Minder gelukkig verging het de ontdekking door een verse Amerikaanse manager van het eerbiedwaardige Deutsche Grammophon label voorjaar 1995. De goede man had in de V.S. de opzienbarende componist Todd Levin ontdekt, die absoluut moest worden opgestuwd in de vaart der muzikale volkeren. Een nieuwe "strategische marktpositionering" was aan zijn brein ontsproten, een crossover van pop naar klassiek. In Karajans tijd zou het waarschijnlijk zijn verboden. Hoewel eigenlijk niemand in het Hamburgse hoofdkantoor wist, wat men met dit fenomeen aan moest. De klassieke afdeling haalde zijn neus voor het op het prestigieuze gele label uitgebrachte schijfje op, beweerde dat het op de klassieke markt onverkoopbaar was; de popafdeling wilde om te beginnen geen Yellow Label plaatje in het bestand en weigerde geld te verdienen voor de afdeling klassiek. Een luide plof in het niet tussen twee stoelen was het gevolg.
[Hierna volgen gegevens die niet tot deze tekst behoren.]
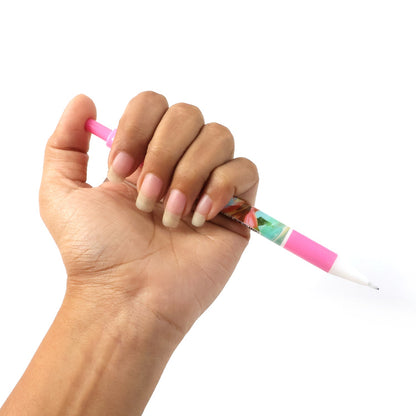 Stationery Kit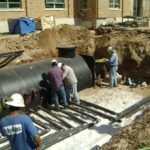 east texas geothermal system installers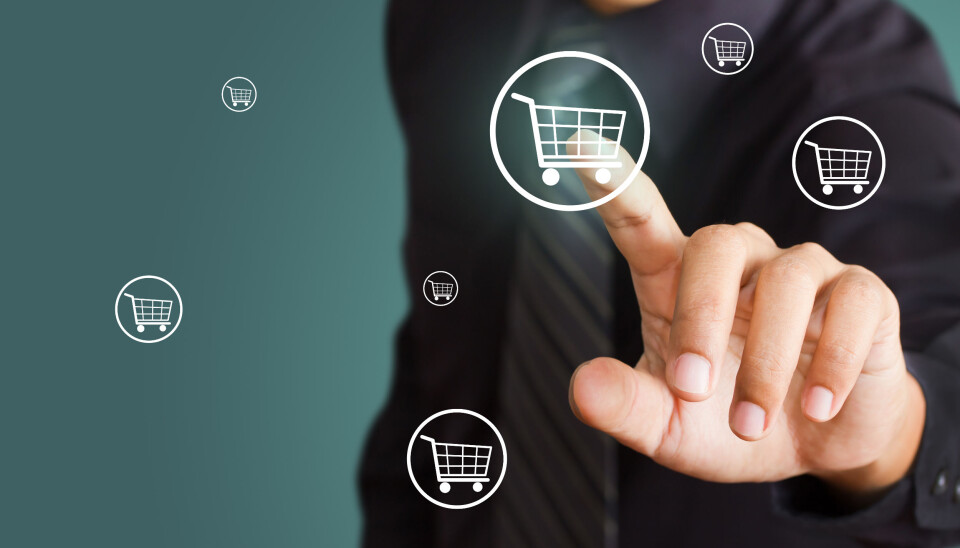 Brødrene Dahl søker leder e-handel / eCommerce manager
Waar gaat het om? Om een herleving van de rage van "verpopte" klassieke werken als Vivaldi's 4 Jaargetijden en een gitaarconcertje, de Badinerie uit Bachs 2e orkestsuite, een fluitconcert van Mercadente, het begin van Mozarts 40e symfonie, het noodlotsthema uit Beethovens 5e, brokjes Notenkrakersuite van Tschaikovsky en pregnante thema's uit Moessorgsky's Schilderijententoonstelling door Berdien Sternberg, Flairck, James Last, Duke Ellington, Tomita en Emerson Lake & Palmer, bien étonnés de se trouver ensemble?Niet helemaal.Todd Levin is van alle populaire markten thuis. Zijn muziekjes reiken van minimalisme via scratch, hiphop tot techno. Als een Captain Kirk werpt hij zich op als voorvechter van de post-modernistische muziek, wat dat ook moge zijn. Een fijne neus voor kwaliteit, stijl en karakter lijkt hij niet te hebben. Turn is niets, Everyday een vervelend brokje disco dance, beginnend bij Stravinsky's Vuurvogel en eindigend bij Sgt. Pepper. Enzovoorts.
Ergst van al zijn haast de voortdurende weinig zeggende vocals van de componist tussendoor. Het is alles zo verschrikkelijk banaal, zo afgetrapt en feitelijk alleen muzieksociologisch interessant als typisch blijk van een stedelijk Amerikaans Soundscape met klaterende harpen en Mantovani-achtig gierende violen.
Later, veel later zal deze Junk misschien cultuurhistorici aan het denken zetten, nu lijkt het dure experiment al te zijn vergeten.
Discografie
Beethoven: Pianoconcert no. 1; Mozart: Pianoconcert no. 23. Helen Huang met het New York filharmonisch orkest o.l.v. Kurt Masur. Teldec 4509-99207-2.Tschaikovsky: Vioolconcert; Sibelius: Vioolconcert. Leila Josefowicz met de Academy of St. Martin-in-the-Fields o.l.v. Neville Marriner. Philips 446.131-2.The violin player. Vanessa-Mae. EMI 555.089-2.Levin: De luxe. Mary Nessinger en het Londens symfonie orkest o.l.v. David Allan Miller. DG 445.847-2.